> **AIM OF THE EXERCISE**:
Please output exactly the lines below, starting at the line that has "車のヘッドレストとネックプロ" and ending at the line that has "Порог деполяризации Разность", both included; leave out all pictures and include nothing else.

> **DATA SECTION**:
-.-.-

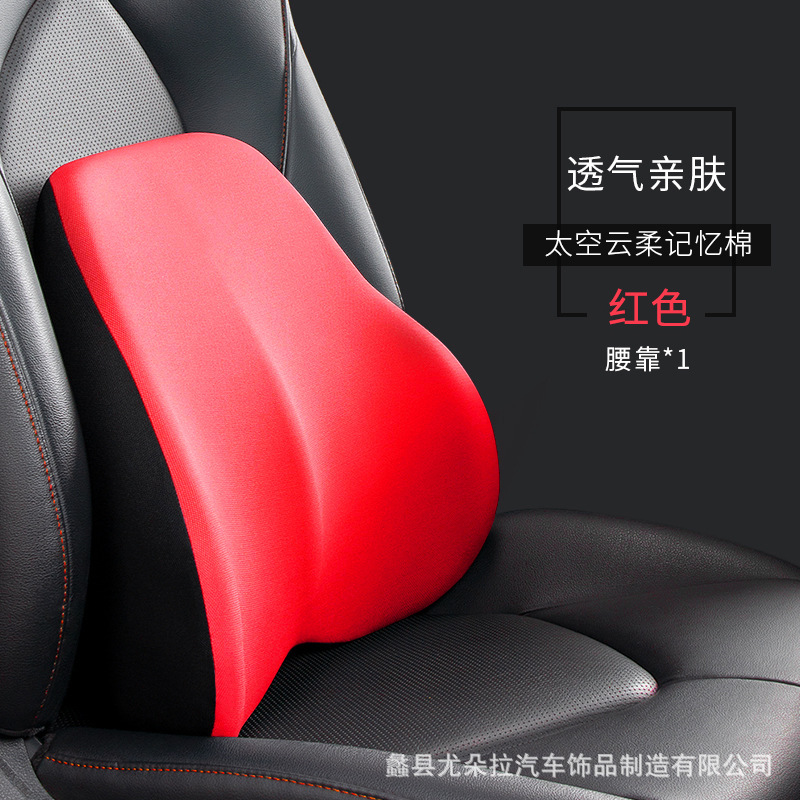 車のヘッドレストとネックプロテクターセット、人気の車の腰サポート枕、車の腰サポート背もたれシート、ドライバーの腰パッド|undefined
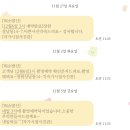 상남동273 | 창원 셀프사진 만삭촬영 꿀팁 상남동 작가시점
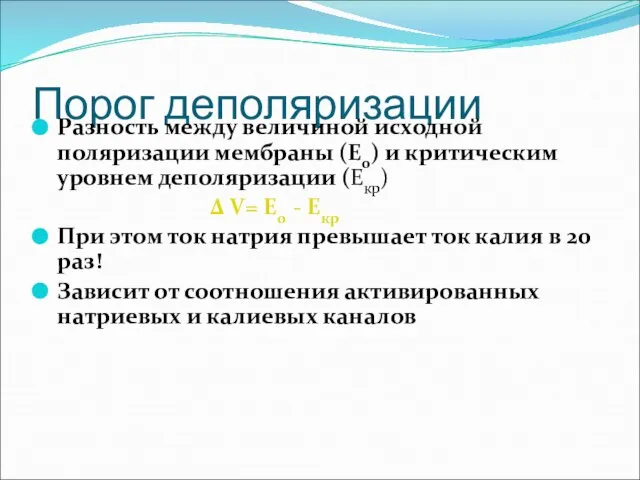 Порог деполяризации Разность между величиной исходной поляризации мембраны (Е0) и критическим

-.-.-

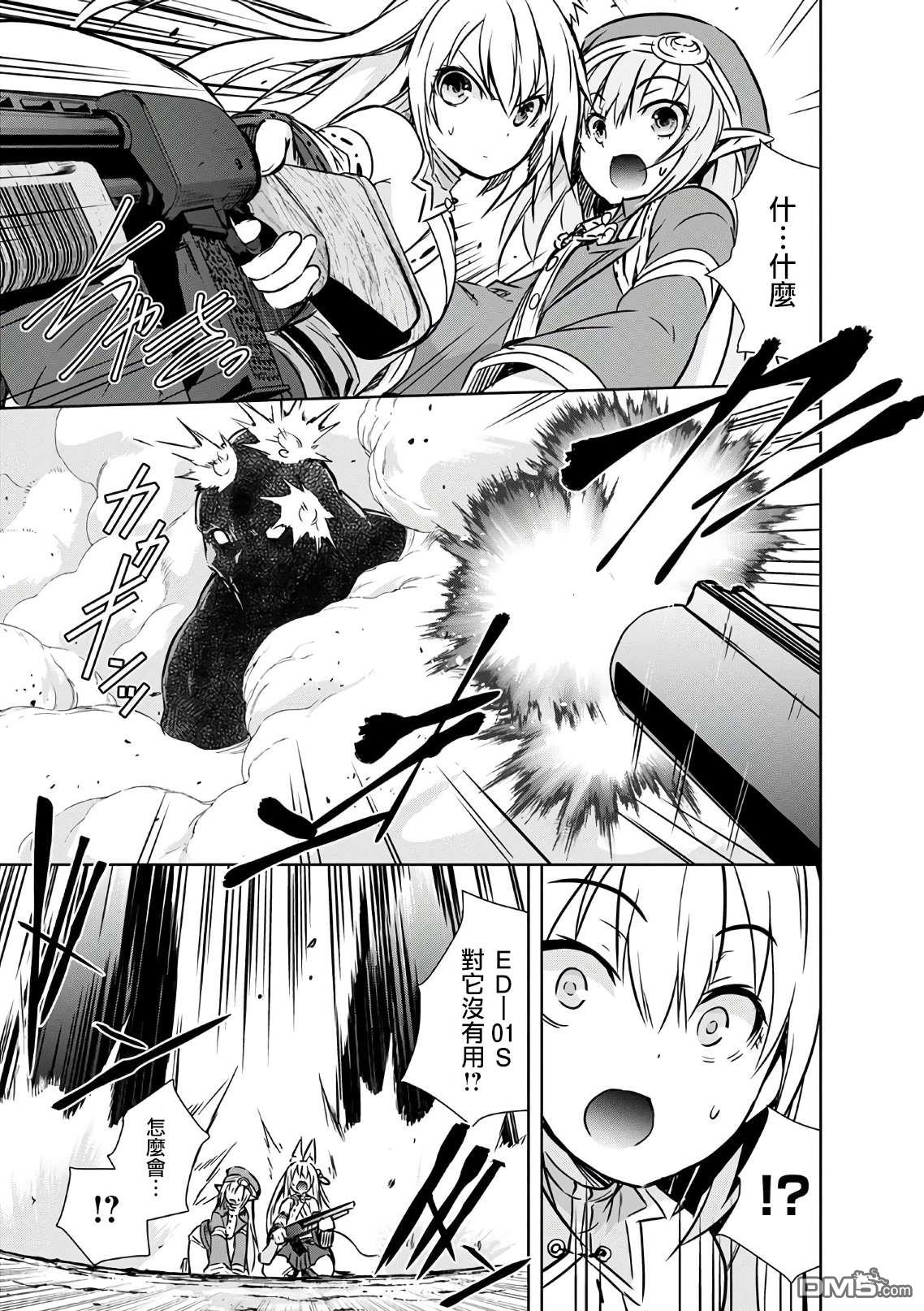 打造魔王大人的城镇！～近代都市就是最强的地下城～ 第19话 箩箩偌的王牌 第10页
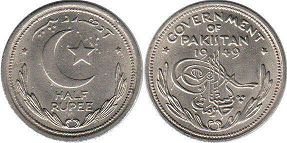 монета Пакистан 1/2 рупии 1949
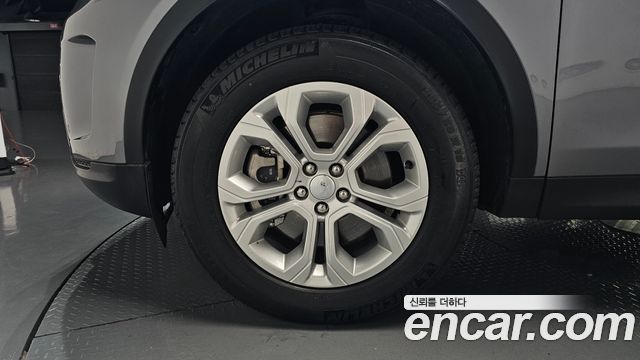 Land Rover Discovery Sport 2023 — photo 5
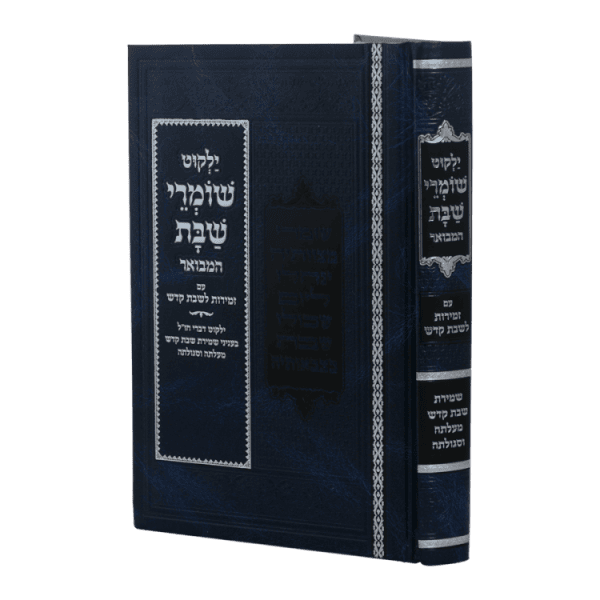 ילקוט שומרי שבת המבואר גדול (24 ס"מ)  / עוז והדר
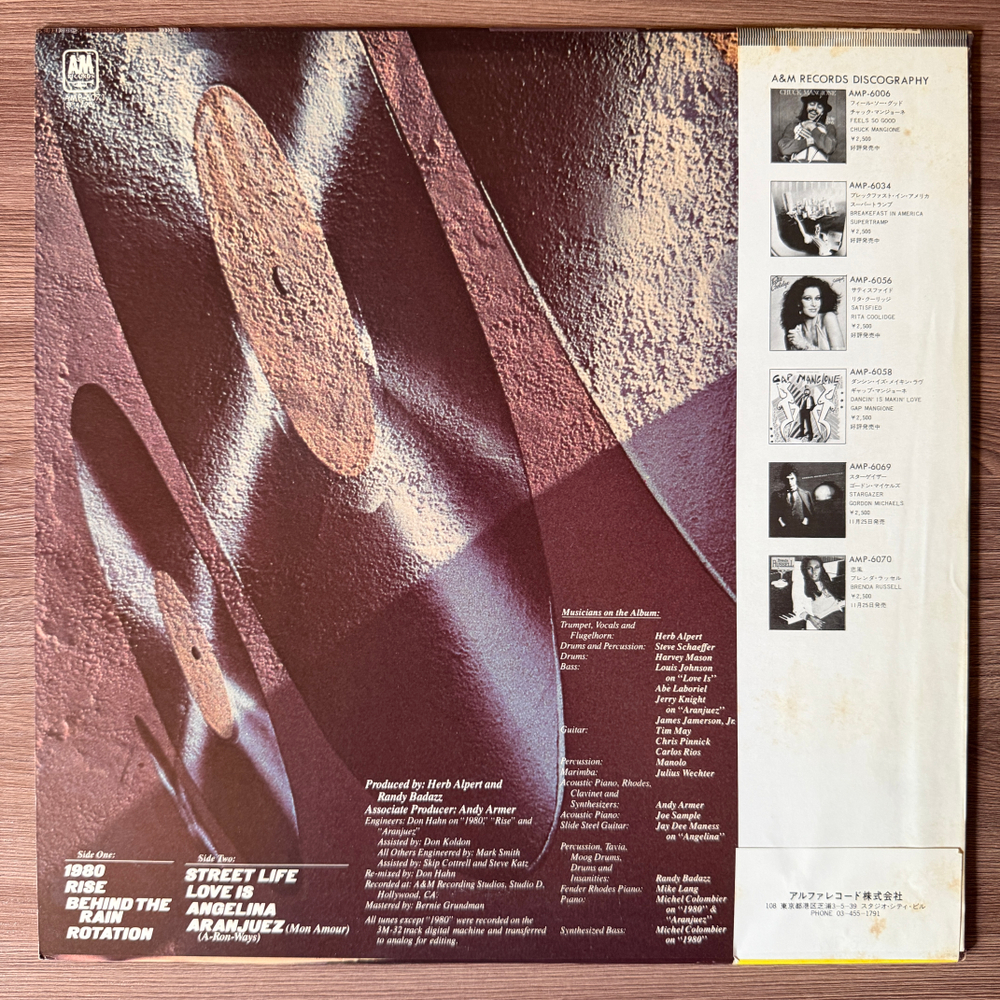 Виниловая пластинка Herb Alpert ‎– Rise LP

-.-.-

> **FINISHED EXERCISE**:
 車のヘッドレストとネックプロテクターセット、人気の車の腰サポート枕、車の腰サポート背もたれシート、ドライバーの腰パッド|undefined
 상남동273 | 창원 셀프사진 만삭촬영 꿀팁 상남동 작가시점
 Порог деполяризации Разность между величиной исходной поляризации мембраны (Е0) и критическим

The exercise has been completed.